SA seeks to renegotiate coal pact
Publish date: 08 July 2024
Issue Number: 1084
Diary: IBA Legalbrief Africa
Category: Energy
Government is pushing to renegotiate a deal with Climate Investment Funds (CIF), a group tied to the World Bank, so that it won’t be required to close three coal-fired power plants in the coming years. Fin24 reports that the plants, owned and operated by Eskom, are among SA’s biggest polluters, according to government advisers. Pretoria is seeking an ‘adjusted approach’ to the programme, with the decommissioning date for three power stations moved to the end of March 2030. The development has the potential to affect a total of roughly $2.6bn in financing from multilateral development banks and other sources, the first tranche of which would be a $500m disbursement from CIF’s Accelerating Coal Transition programme. The funds, which are tied to the country’s commitment to weaning itself off the world’s dirtiest fossil fuel, are part of a larger $9.3bn climate pact. The failure of a G20 nation to live up to its commitments around coal power would represent a blow to a $40bn programme known as the Just Energy Transition Partnership, under which SA’s agreement was struck. As the first JETP nation, SA’s retreat from the original terms of its agreement would raise questions around the programme’s credibility. Daniel Morris, clean energy lead at CIF, confirmed that SA is currently ‘updating its investment plan.’ CIF expects the government to provide an update ‘by the fall,’ he said.

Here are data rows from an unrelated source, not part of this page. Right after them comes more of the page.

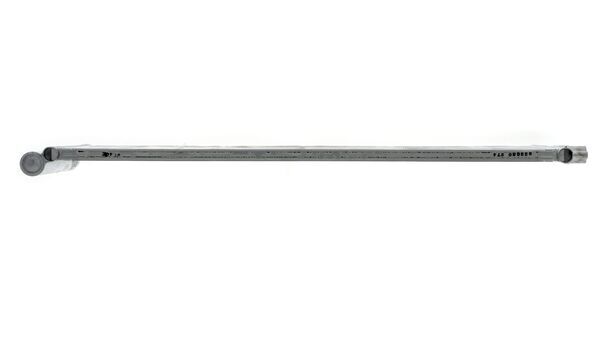 Condenser, air conditioning - AC 1051 000S MAHLE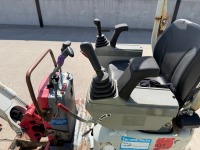 TAKEUCHI TB210R 1 TON MICRO DIGGER - 19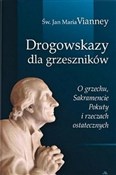 Drogowskaz... - św. Jan Maria Vianney -  books from Poland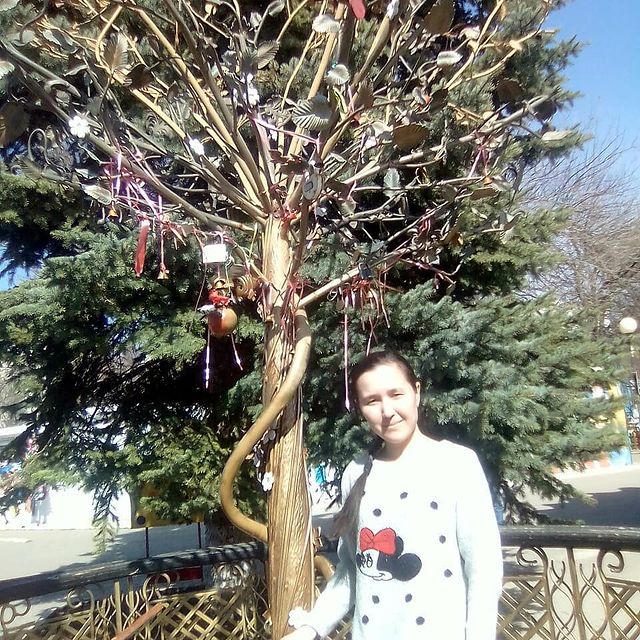 r.guliya.96 в LOOKY. #прогулка😊. #прогулка😊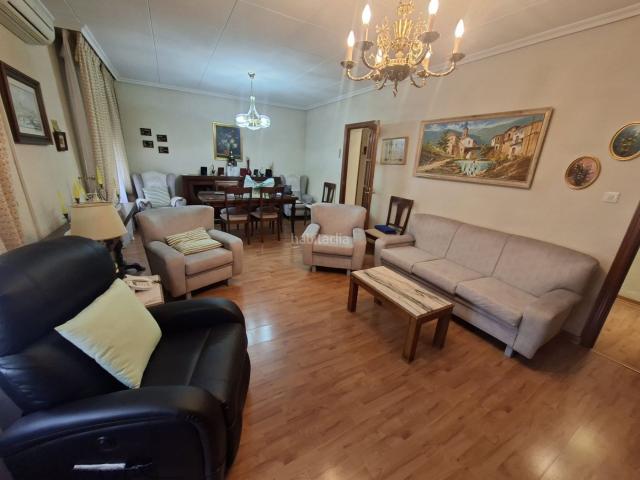 Piso en venta en Toledo, Castilla-La Mancha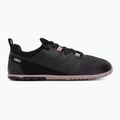 Încălțăminte barefoot pentru femei  Xero Shoes Forza Runner black/elderberry 2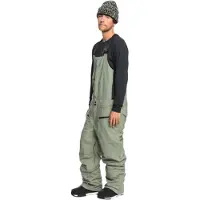 Quiksilver Quicksilver Utility Bib Sea Spray-M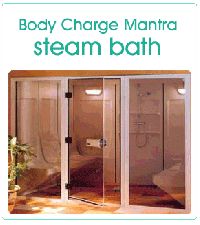 Steam Bath Equipment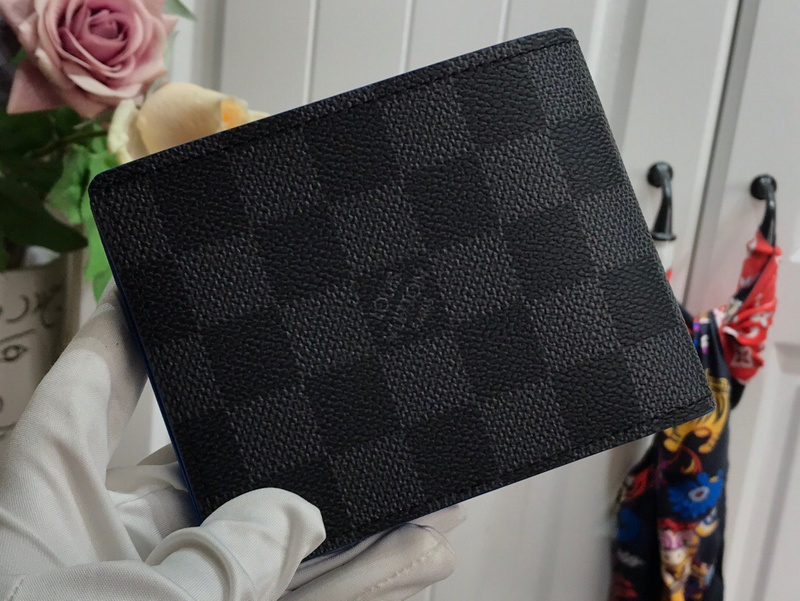 LV MULTIPLE WALLET N60302(D529)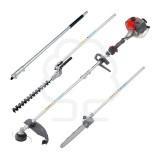 Decespugliatore multifunzione Efco DSH 2500 D - 5 in 1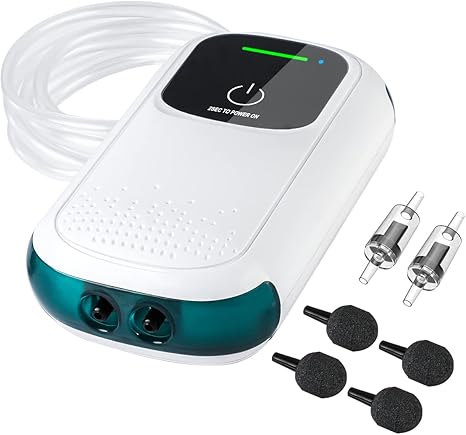 aquarium pump amazon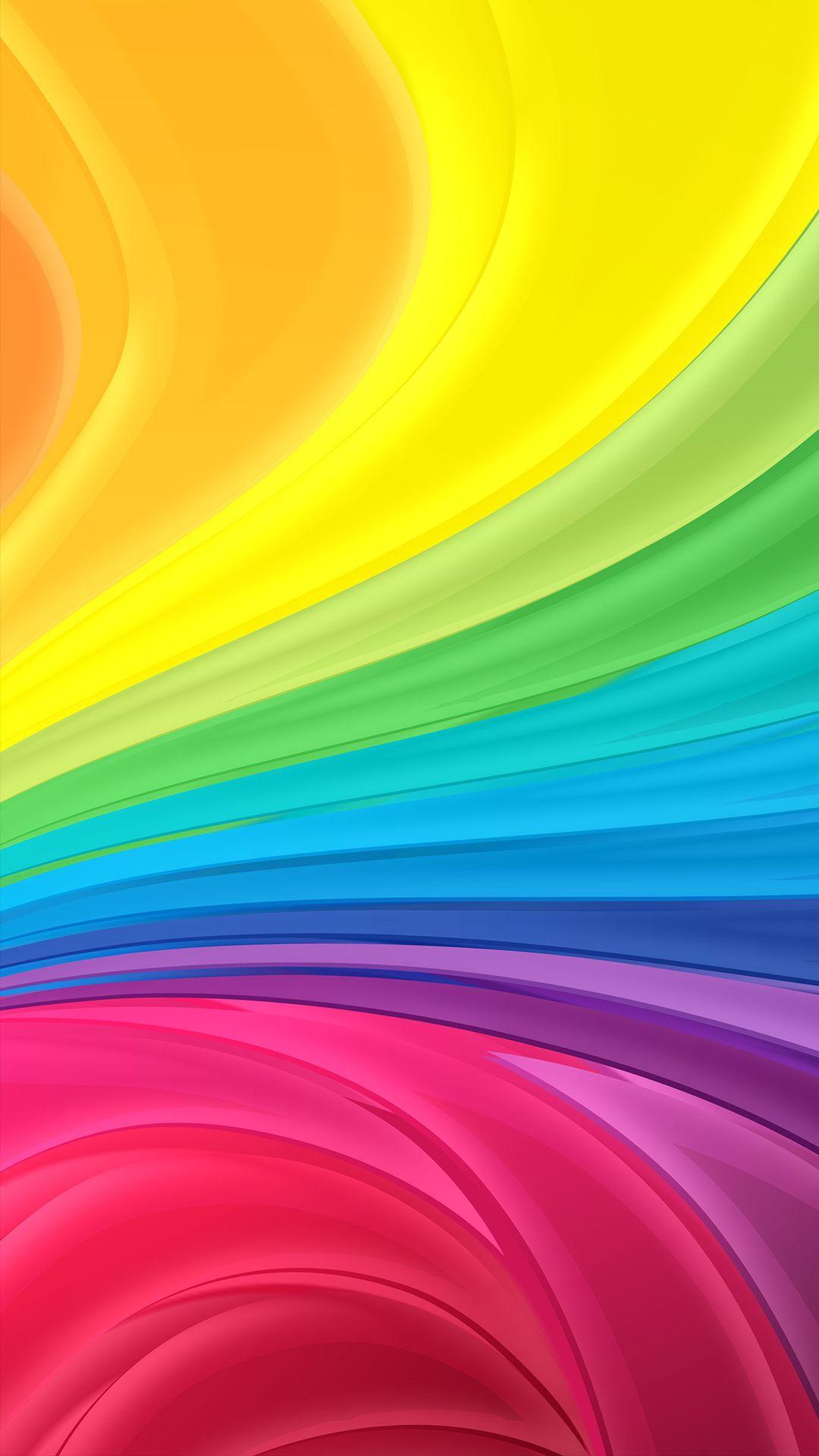 1080x1920 Bright HD iPhone Wallpaper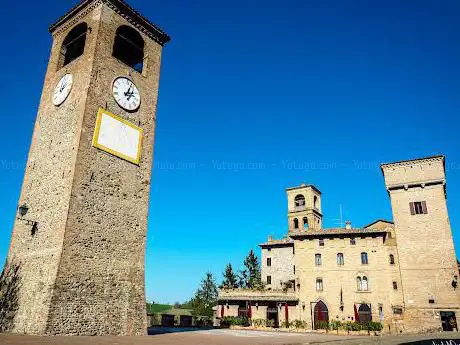 Photo de Punto Informazione Turistica Castelvetro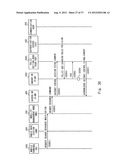 GATEWAY DEVICE, MOBILE COMMUNICATION SYSTEM, MOBILE TERMINAL, PACKET     TRANSFER CONTROL METHOD, CONTROL METHOD OF MOBILE TERMINAL, AND     NON-TRANSITORY COMPUTER READABLE MEDIUM diagram and image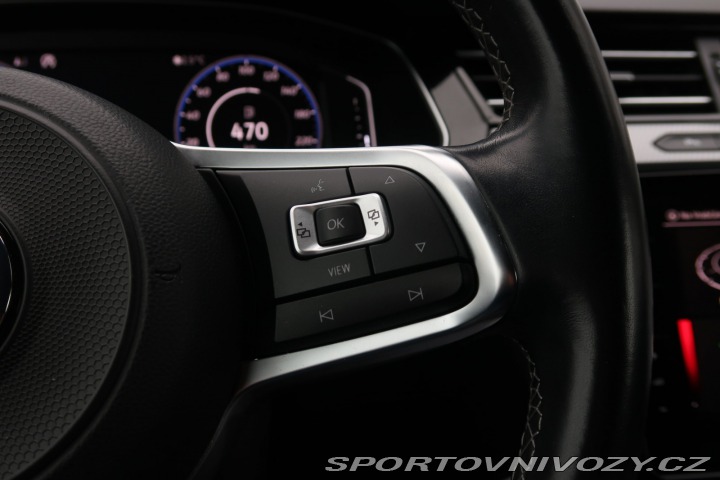 Volkswagen Arteon 2.0 TSI 2019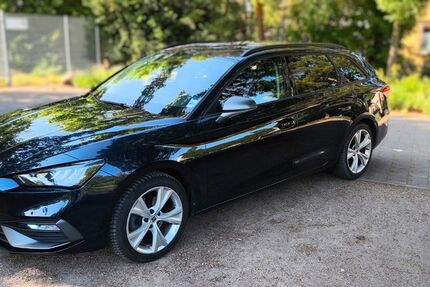 Seat Leon 65.000 km 21.900 &euro; Monsheim 67590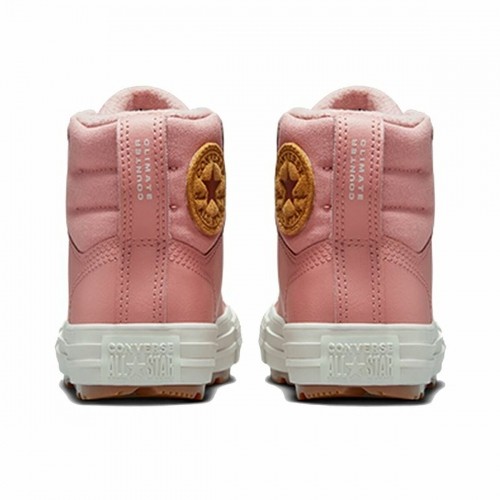 Повседневная обувь детская Converse Chuck Taylor All Star Розовый image 5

Fin24 notes that the development underscores just how hard it is for developing nations such as SA, which relies on coal for about 80% of its electricity, to switch to cleaner energy sources. While President Cyril Ramaphosa had backed the original terms of the programme, the country’s Energy and Electricity Ministers criticised it as representing a threat to the stable supply of power to a nation plagued by constant outages. SA’s JETP investment partners – the US, UK, Germany, France, the Netherlands, Denmark and the EU – remain broadly supportive, according to responses to Bloomberg. But they also voiced concerns about the ramifications of delays in closing coal plants. An official at the US Treasury Department said the expectation remains that SA can achieve its most ambitious emissions-reduction targets.